━━━ Data to use
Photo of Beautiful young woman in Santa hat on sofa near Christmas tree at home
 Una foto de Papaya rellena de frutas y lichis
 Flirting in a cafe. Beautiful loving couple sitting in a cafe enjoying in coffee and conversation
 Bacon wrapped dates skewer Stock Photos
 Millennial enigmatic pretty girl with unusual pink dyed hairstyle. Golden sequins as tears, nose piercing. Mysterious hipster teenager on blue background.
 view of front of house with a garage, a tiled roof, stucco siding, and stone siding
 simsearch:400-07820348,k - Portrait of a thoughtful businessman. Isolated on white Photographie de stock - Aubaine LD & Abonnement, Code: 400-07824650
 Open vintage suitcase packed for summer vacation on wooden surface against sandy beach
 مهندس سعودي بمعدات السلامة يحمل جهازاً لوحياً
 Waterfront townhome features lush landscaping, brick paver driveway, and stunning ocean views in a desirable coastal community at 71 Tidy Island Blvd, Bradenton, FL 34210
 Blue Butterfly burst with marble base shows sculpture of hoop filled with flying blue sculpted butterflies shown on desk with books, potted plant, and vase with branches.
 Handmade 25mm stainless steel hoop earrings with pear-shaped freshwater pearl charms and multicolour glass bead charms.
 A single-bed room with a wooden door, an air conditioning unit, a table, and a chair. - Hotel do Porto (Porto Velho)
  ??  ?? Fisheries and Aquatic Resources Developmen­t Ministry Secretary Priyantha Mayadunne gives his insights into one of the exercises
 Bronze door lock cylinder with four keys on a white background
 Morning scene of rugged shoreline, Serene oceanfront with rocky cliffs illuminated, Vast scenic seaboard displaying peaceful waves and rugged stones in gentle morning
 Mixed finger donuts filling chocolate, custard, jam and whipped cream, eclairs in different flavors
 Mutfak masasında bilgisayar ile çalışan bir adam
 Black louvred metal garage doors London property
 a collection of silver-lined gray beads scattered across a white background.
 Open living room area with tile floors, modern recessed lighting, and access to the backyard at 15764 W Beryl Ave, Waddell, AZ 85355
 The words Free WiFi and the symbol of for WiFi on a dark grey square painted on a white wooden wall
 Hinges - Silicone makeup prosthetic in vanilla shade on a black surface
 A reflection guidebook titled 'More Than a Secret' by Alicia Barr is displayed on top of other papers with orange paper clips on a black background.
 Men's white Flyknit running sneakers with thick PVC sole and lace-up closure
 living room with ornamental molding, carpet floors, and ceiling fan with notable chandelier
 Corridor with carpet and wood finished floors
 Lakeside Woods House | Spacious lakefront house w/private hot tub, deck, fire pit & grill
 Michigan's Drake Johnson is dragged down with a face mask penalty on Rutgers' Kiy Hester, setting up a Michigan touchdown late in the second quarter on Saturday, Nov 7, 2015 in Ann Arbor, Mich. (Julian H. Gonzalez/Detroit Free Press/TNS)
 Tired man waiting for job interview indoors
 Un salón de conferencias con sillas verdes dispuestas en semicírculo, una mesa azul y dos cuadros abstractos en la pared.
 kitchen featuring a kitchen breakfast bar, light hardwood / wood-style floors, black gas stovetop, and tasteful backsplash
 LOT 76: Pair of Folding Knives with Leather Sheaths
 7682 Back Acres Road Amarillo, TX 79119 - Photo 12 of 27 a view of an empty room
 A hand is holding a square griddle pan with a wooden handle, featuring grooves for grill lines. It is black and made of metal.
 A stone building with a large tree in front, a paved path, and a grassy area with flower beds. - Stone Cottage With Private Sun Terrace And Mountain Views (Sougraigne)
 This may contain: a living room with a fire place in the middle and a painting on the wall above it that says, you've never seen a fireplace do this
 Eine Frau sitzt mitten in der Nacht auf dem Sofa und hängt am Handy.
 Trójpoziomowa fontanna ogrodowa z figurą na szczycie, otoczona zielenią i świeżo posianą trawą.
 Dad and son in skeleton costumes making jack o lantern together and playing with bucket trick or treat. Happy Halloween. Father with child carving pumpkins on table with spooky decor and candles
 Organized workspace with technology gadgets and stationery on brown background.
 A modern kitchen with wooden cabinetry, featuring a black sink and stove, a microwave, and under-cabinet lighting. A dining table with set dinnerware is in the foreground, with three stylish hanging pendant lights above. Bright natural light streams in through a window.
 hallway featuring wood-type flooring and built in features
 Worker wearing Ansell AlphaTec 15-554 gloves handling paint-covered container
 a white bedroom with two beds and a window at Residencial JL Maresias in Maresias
━━━━━━
What you have to do » Make an exact copy of every entry.

Written solution »
Photo of Beautiful young woman in Santa hat on sofa near Christmas tree at home
 Una foto de Papaya rellena de frutas y lichis
 Flirting in a cafe. Beautiful loving couple sitting in a cafe enjoying in coffee and conversation
 Bacon wrapped dates skewer Stock Photos
 Millennial enigmatic pretty girl with unusual pink dyed hairstyle. Golden sequins as tears, nose piercing. Mysterious hipster teenager on blue background.
 view of front of house with a garage, a tiled roof, stucco siding, and stone siding
 simsearch:400-07820348,k - Portrait of a thoughtful businessman. Isolated on white Photographie de stock - Aubaine LD & Abonnement, Code: 400-07824650
 Open vintage suitcase packed for summer vacation on wooden surface against sandy beach
 مهندس سعودي بمعدات السلامة يحمل جهازاً لوحياً
 Waterfront townhome features lush landscaping, brick paver driveway, and stunning ocean views in a desirable coastal community at 71 Tidy Island Blvd, Bradenton, FL 34210
 Blue Butterfly burst with marble base shows sculpture of hoop filled with flying blue sculpted butterflies shown on desk with books, potted plant, and vase with branches.
 Handmade 25mm stainless steel hoop earrings with pear-shaped freshwater pearl charms and multicolour glass bead charms.
 A single-bed room with a wooden door, an air conditioning unit, a table, and a chair. - Hotel do Porto (Porto Velho)
  ??  ?? Fisheries and Aquatic Resources Developmen­t Ministry Secretary Priyantha Mayadunne gives his insights into one of the exercises
 Bronze door lock cylinder with four keys on a white background
 Morning scene of rugged shoreline, Serene oceanfront with rocky cliffs illuminated, Vast scenic seaboard displaying peaceful waves and rugged stones in gentle morning
 Mixed finger donuts filling chocolate, custard, jam and whipped cream, eclairs in different flavors
 Mutfak masasında bilgisayar ile çalışan bir adam
 Black louvred metal garage doors London property
 a collection of silver-lined gray beads scattered across a white background.
 Open living room area with tile floors, modern recessed lighting, and access to the backyard at 15764 W Beryl Ave, Waddell, AZ 85355
 The words Free WiFi and the symbol of for WiFi on a dark grey square painted on a white wooden wall
 Hinges - Silicone makeup prosthetic in vanilla shade on a black surface
 A reflection guidebook titled 'More Than a Secret' by Alicia Barr is displayed on top of other papers with orange paper clips on a black background.
 Men's white Flyknit running sneakers with thick PVC sole and lace-up closure
 living room with ornamental molding, carpet floors, and ceiling fan with notable chandelier
 Corridor with carpet and wood finished floors
 Lakeside Woods House | Spacious lakefront house w/private hot tub, deck, fire pit & grill
 Michigan's Drake Johnson is dragged down with a face mask penalty on Rutgers' Kiy Hester, setting up a Michigan touchdown late in the second quarter on Saturday, Nov 7, 2015 in Ann Arbor, Mich. (Julian H. Gonzalez/Detroit Free Press/TNS)
 Tired man waiting for job interview indoors
 Un salón de conferencias con sillas verdes dispuestas en semicírculo, una mesa azul y dos cuadros abstractos en la pared.
 kitchen featuring a kitchen breakfast bar, light hardwood / wood-style floors, black gas stovetop, and tasteful backsplash
 LOT 76: Pair of Folding Knives with Leather Sheaths
 7682 Back Acres Road Amarillo, TX 79119 - Photo 12 of 27 a view of an empty room
 A hand is holding a square griddle pan with a wooden handle, featuring grooves for grill lines. It is black and made of metal.
 A stone building with a large tree in front, a paved path, and a grassy area with flower beds. - Stone Cottage With Private Sun Terrace And Mountain Views (Sougraigne)
 This may contain: a living room with a fire place in the middle and a painting on the wall above it that says, you've never seen a fireplace do this
 Eine Frau sitzt mitten in der Nacht auf dem Sofa und hängt am Handy.
 Trójpoziomowa fontanna ogrodowa z figurą na szczycie, otoczona zielenią i świeżo posianą trawą.
 Dad and son in skeleton costumes making jack o lantern together and playing with bucket trick or treat. Happy Halloween. Father with child carving pumpkins on table with spooky decor and candles
 Organized workspace with technology gadgets and stationery on brown background.
 A modern kitchen with wooden cabinetry, featuring a black sink and stove, a microwave, and under-cabinet lighting. A dining table with set dinnerware is in the foreground, with three stylish hanging pendant lights above. Bright natural light streams in through a window.
 hallway featuring wood-type flooring and built in features
 Worker wearing Ansell AlphaTec 15-554 gloves handling paint-covered container
 a white bedroom with two beds and a window at Residencial JL Maresias in Maresias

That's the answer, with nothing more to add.